Both of the links in your post returns "page not found"
a google search found a post by TraderMark. Some good points but I need more info so I ordered a Service manual I&T on ebay for $61.88, that is paper, is there a place on this forum to download a digital manual?

So far I don't know if the timing marks are on the flywheel or the front pulley, how to move the injector lines to remove the pump, etc.


----------



## TraderMark (Nov 15, 2011)

Hi nlneilson,
Welcome!
Those old 500A loaders with the upright pump on the 270 engine are a bugger to work on.
My advice to you is to just remove the injector lines completely. They wind and twist up around the manifold and have some clamps that hold the lines together in a cluster and I usually found it was easier and saved time in the long run to just remove the lines completely one at a time.

If the engine was running and performing satisfactorily you don't need the timing marks on the flywheel. 

Scribe a line on the pump housing and the engine block so you can line the pump body back up exactly where it was.

Remove the little window from the injection pump. It's just to the left of the screw on the bottom that has the wire through it. There are two small flat head screws that need to be removed to get the window cover off.

Be careful. There's quite a bit of diesel inside the injection pump and you'll be releasing it all so have a bucket handy. I'd say there's probably a pint or so inside the pump.

Once you have the window open and all the fuel is out, turn the engine until you see the two lines inside the pump line up. When they line up, you can pull the pump out. Make certain there's no way for anyone to turn the engine while the pump is out. Disconnect the battery if you haven't already so the key can't be accidentally used to engage the starter.

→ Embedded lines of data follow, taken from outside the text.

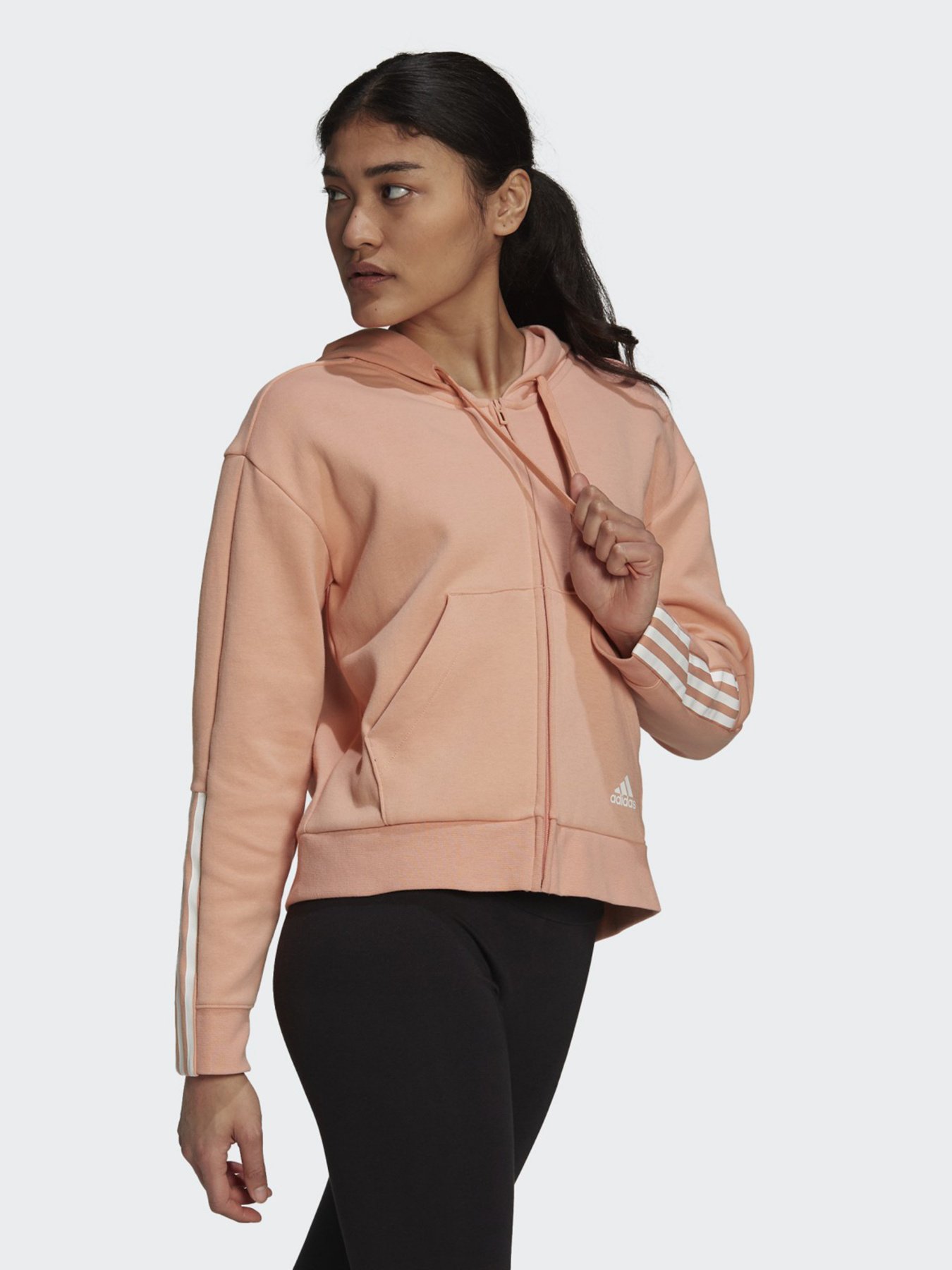 Спортивна кофта Adidas Essentials 3-Stripes модель H07804 Спортивна кофта Adidas Essentials 3-Stripes модель H07804 Фото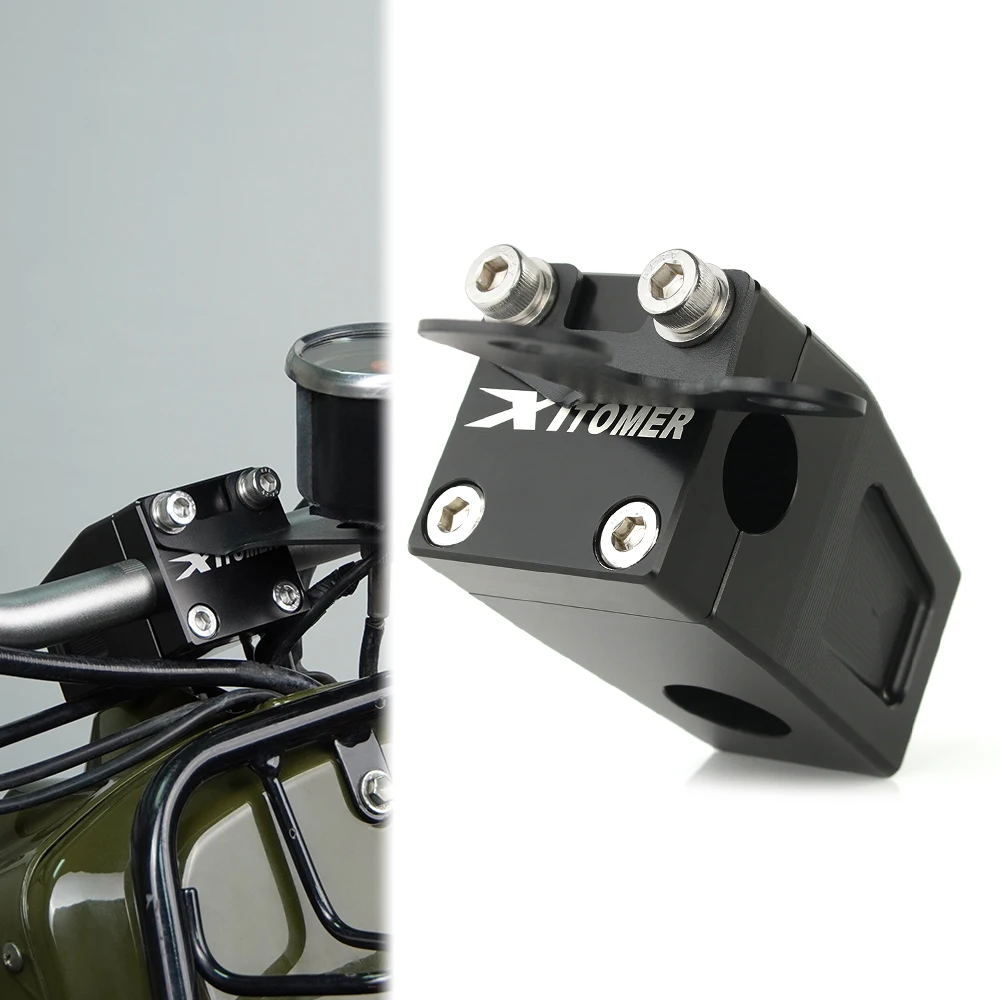 

Fit For Honda Ruckus /Zoomer NPS50 2003-2024 Motorcycle Black Handlebar Clamp Riser Aluminum Handlebar Relocation Forward Mounts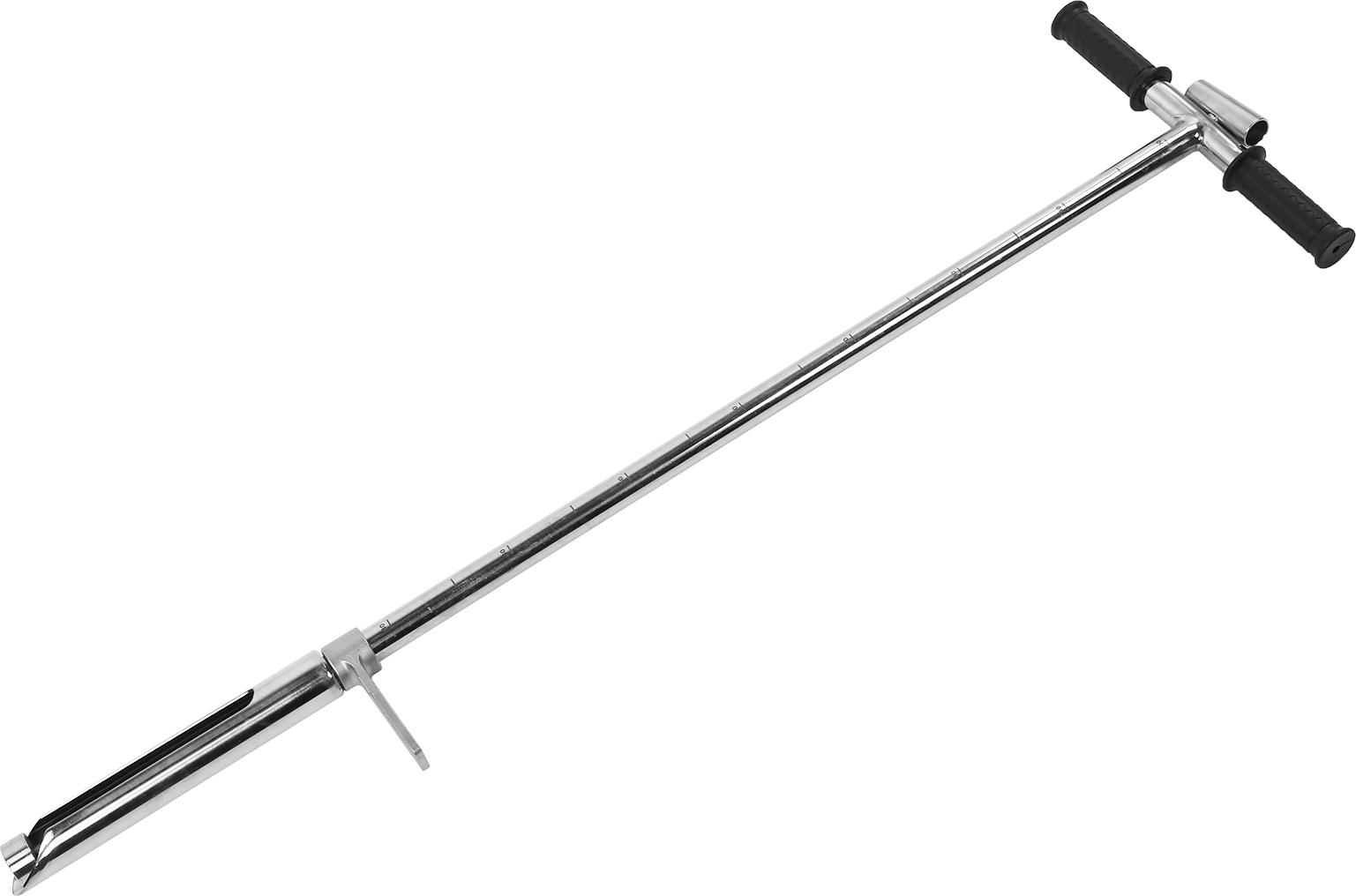 TWO TREES Bodenprobenahmesonde 105 cm Länge 38 mm Öffnung Edelstahl-Bodenprobenahmesonde mit Pedal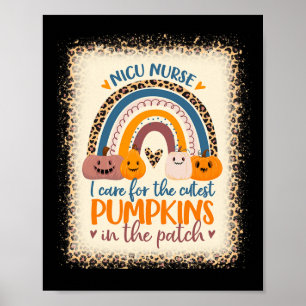 Nicu Nurse Halloween Ik zorg voor de Schattigee po Poster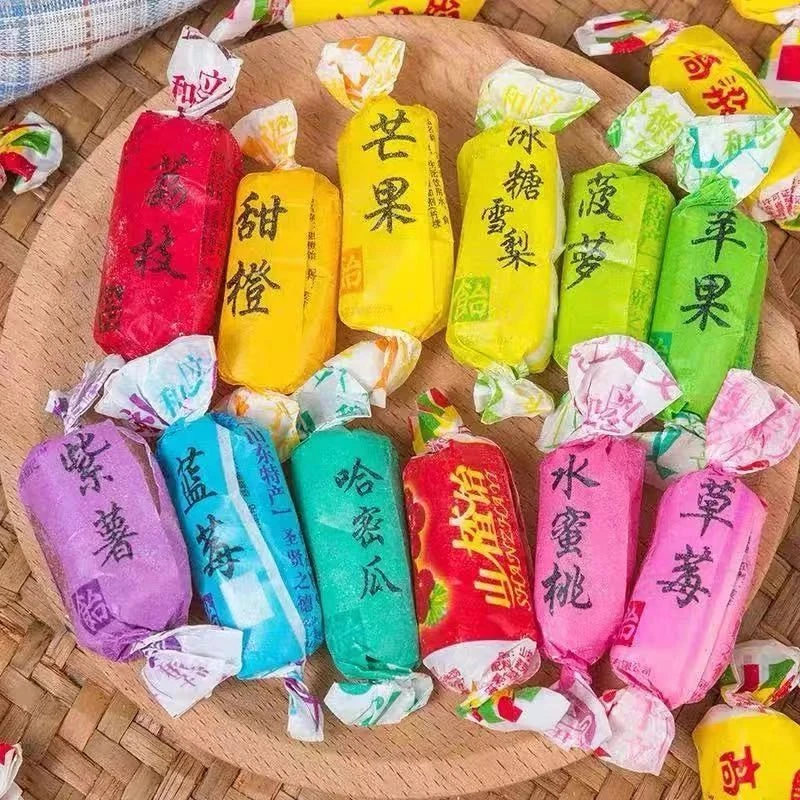 魏福记高粱饴软糖山东特产拉丝老式怀旧零食糖果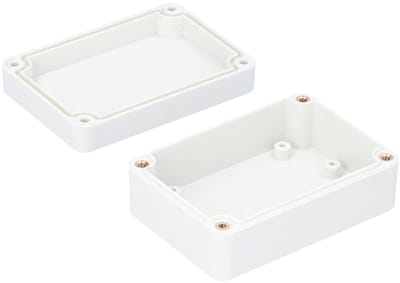 Universele Elektrische Doos 158 x 90 x 60 mm, Waterdicht IP65, Geschikt voor Binnen- en Buitentoepassingen met Toebehoren en ABS Kunststof Behuizing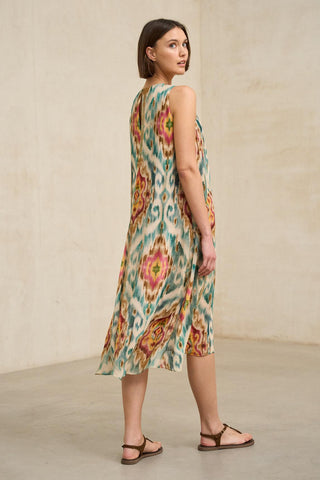 Vestido Naïra estampado ikat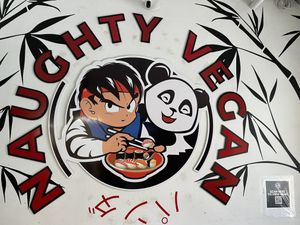 Logo  at Naughty Vegan Panda in Pasadena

After your rebuild/repair, remove the window again, make sure the marks are aligned and slip the pump back in.

HTH,
Mark


----------



## TraderMark (Nov 15, 2011)

I'll try and get this image to show here.


----------



## nlneilson (Jan 29, 2017)

THANKS Mark
I appreciate the information.

The tractor started and ran good before.
There was about a half inch of real gooey sludge in the bottom of the fuel tank.
Even with the two spin-on fuel filters I am thinking the goo got into the injector pump and the piston is stuck in the cylinder.
I hooked up a hand pump with injector cleaner and a gauge and put 100 psi through the filters and into the injector pump. I loosened three of the injector lines at the pump that I could get to. Cranked the engine over. The pressure stayed at 100 psi and no fuel came out the loosened injector lines.

For years it started and I could do the jobs I wanted. I miss being able to use it.


----------